二宮翁夜話 / 続篇
翁曰、官祿家格ありて世に知られ、人に用ひらるゝは、そは官祿家格あるが故なり、之なくして世に知られ、人に用ひらるゝ者は、賎業の者といへども侮るべからず。是は生れつき勝れたる者なればなり。六尺手廻の頭、雲助の頭など是なり。過日火事あり、予火の見に上りて見居りしに、当時江戸にて名高く、人に知られし男伊達と聞えたる某、湯より上りてぶらぶらと来る時、火消大勢どやどやと来掛りたる中に、壹人水溜りに飛入りて、男伊達に泥をあびせて去り過ぎぬ。彼莞爾と笑ひ、今日なるぞ然せよと云つゝ、少しも怒る色なく傍なる天水桶にて泥を洗ひて、静々と過ぎ行きぬ。

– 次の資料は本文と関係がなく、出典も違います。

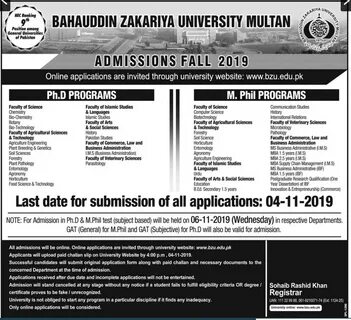 Education PhD Programs And MPhil Online 2019 At BZU Multan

其容体のおとなしさ、威有て猛からず、恭しくして安しと云ふべき形状云はん方なし。誠に感服せり、論語に君子に三変あり、之に望むに儼然たり、之に即くに温なり、其言を聞くや窅しと、子夏氏の言へる通り、斯ゝる賎民にても、其の変りたる所いちじるし、賎民とて侮るべからず、賎業とて賎むべからず。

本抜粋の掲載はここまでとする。